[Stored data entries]
----

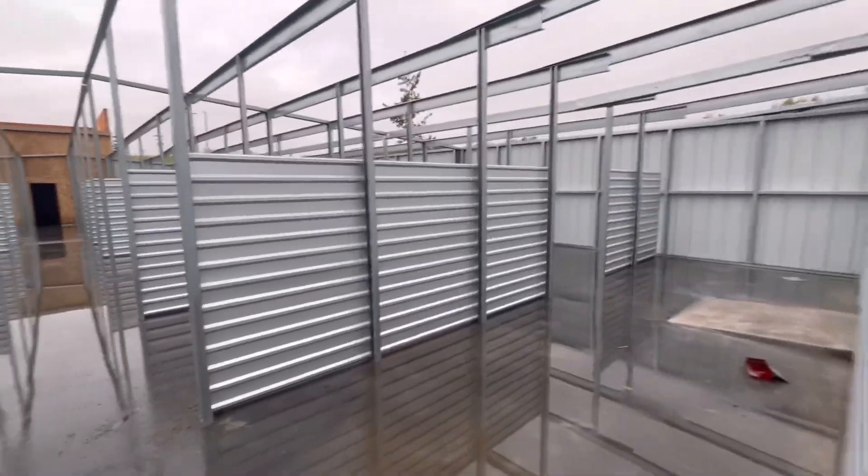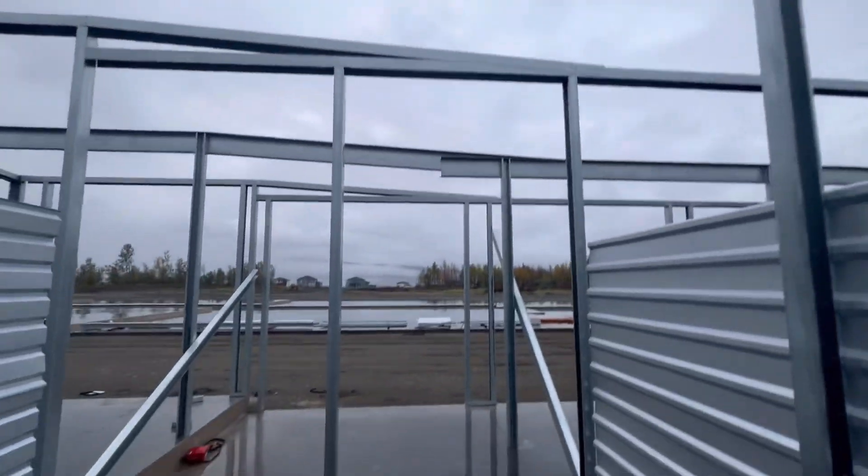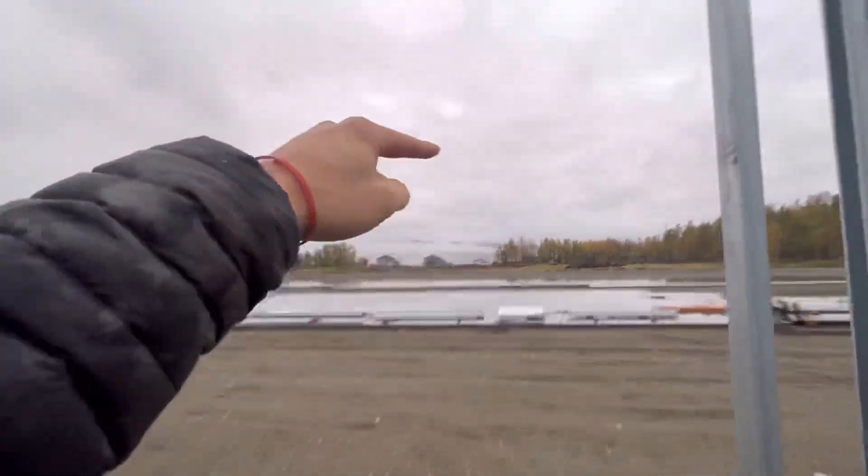We got progress going here at the Fireweed Project in Wasilla. You can see we got a lot of the frame up. We're gonna be ready for the roof on the A building. There's the B and the C building.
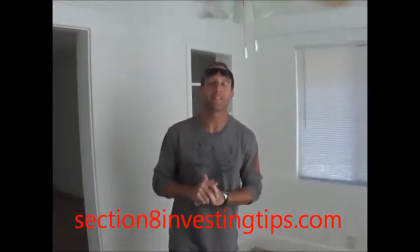Hey guys, Ray Smith here with Section8InvestingTips.com. Welcome back to part two of the video. The rehab is complete — only took about a week to do on this property.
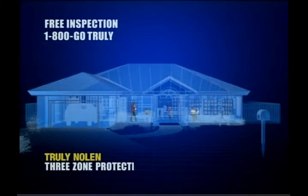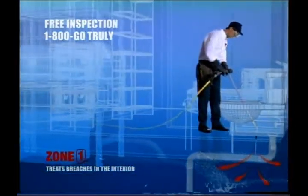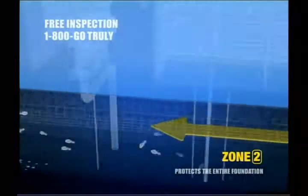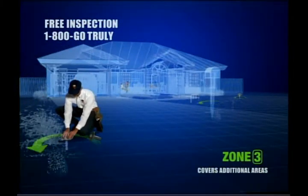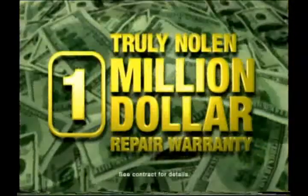Truly Nolan's three-zone protection plan provides the most technically advanced termite treatment. Zone 1 treats breaches in the interior. Zone 2 protects the entire foundation. Zone 3 covers additional areas conducive to termites. And this backs it up with a million reasons.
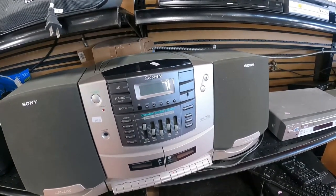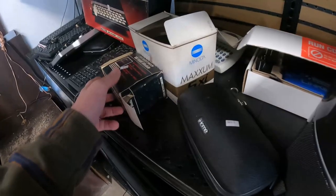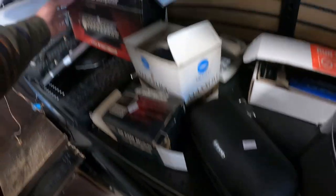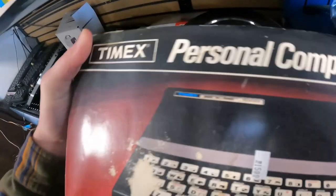However, the Sony CFD-ZW770, it's a boom box with speakers. I bought that for $20, and then I bought the remote on eBay for $7.50. I'll sell it for about $250 on Amazon; going rate is about $150 on eBay.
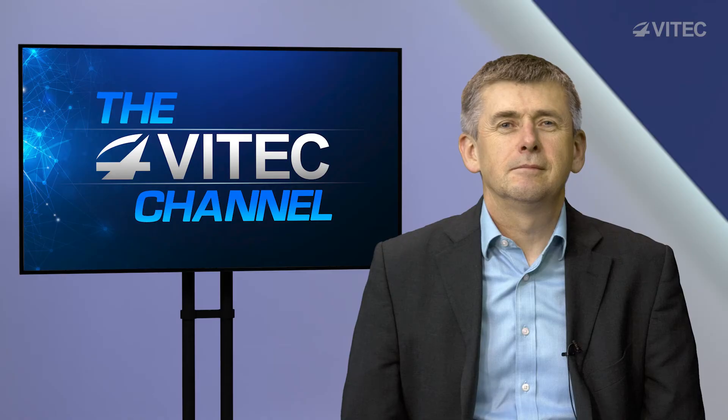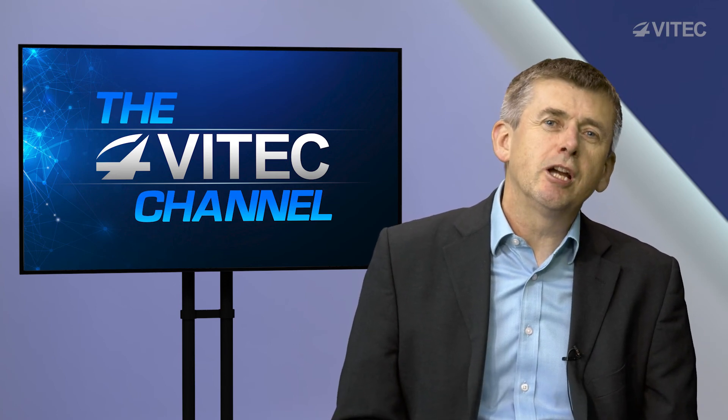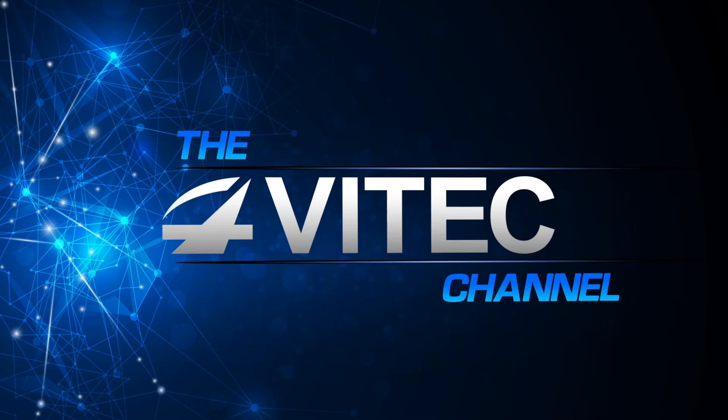Bye for now. Thanks Mark, and remember if you need more information go to vtech.com. Stay safe and see you on the next show. Bye.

----

▸ What you need to do: The result should be the same data as above, line for line, with the pictures gone.

▸ Completed task:
We got progress going here at the Fireweed Project in Wasilla. You can see we got a lot of the frame up. We're gonna be ready for the roof on the A building. There's the B and the C building.
Hey guys, Ray Smith here with Section8InvestingTips.com. Welcome back to part two of the video. The rehab is complete — only took about a week to do on this property.
Truly Nolan's three-zone protection plan provides the most technically advanced termite treatment. Zone 1 treats breaches in the interior. Zone 2 protects the entire foundation. Zone 3 covers additional areas conducive to termites. And this backs it up with a million reasons.
However, the Sony CFD-ZW770, it's a boom box with speakers. I bought that for $20, and then I bought the remote on eBay for $7.50. I'll sell it for about $250 on Amazon; going rate is about $150 on eBay.
Bye for now. Thanks Mark, and remember if you need more information go to vtech.com. Stay safe and see you on the next show. Bye.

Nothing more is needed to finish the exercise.